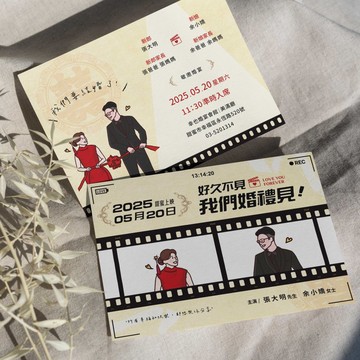 【電影海報風-插畫款】似顏繪手繪插畫喜帖-明信片喜帖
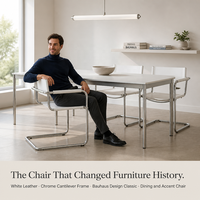 Chaise de salle à manger moderne Bauhaus en cuir avec structure en acier inoxydable, chaise de restaurant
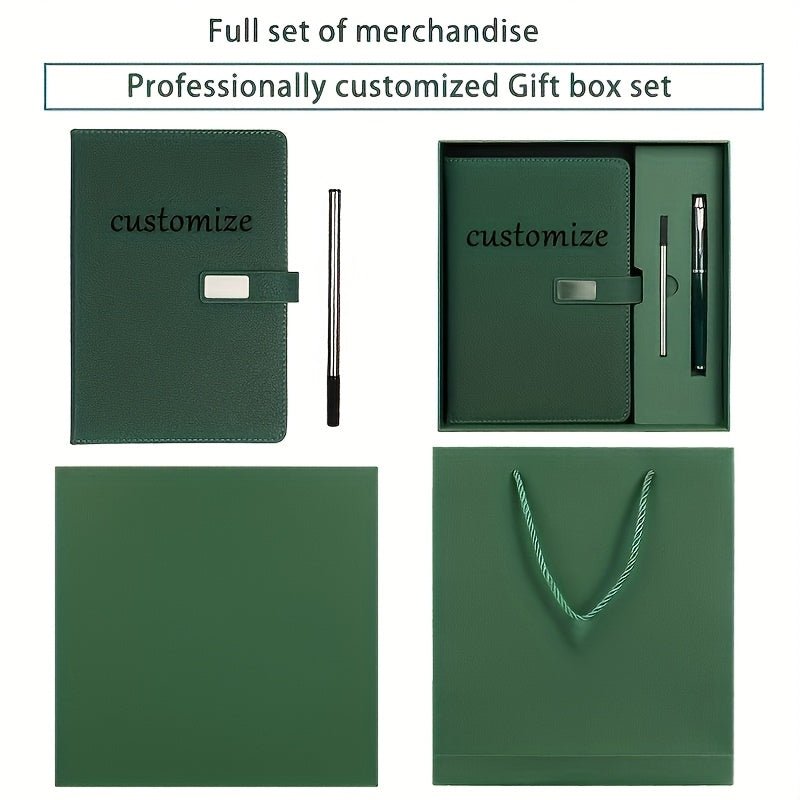 1set Customizable A5 Notebook Gift Set | Premium PU Leather Cover + Metal Pen + Refills | Perfect Gift - Buy That Thang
:::
• **What you are asked to do**
Pictures stay out; everything else in the listing above is to be repeated exactly.

• **Worked solution**
 【電影海報風-插畫款】似顏繪手繪插畫喜帖-明信片喜帖
 Chaise de salle à manger moderne Bauhaus en cuir avec structure en acier inoxydable, chaise de restaurant
 1set Customizable A5 Notebook Gift Set | Premium PU Leather Cover + Metal Pen + Refills | Perfect Gift - Buy That Thang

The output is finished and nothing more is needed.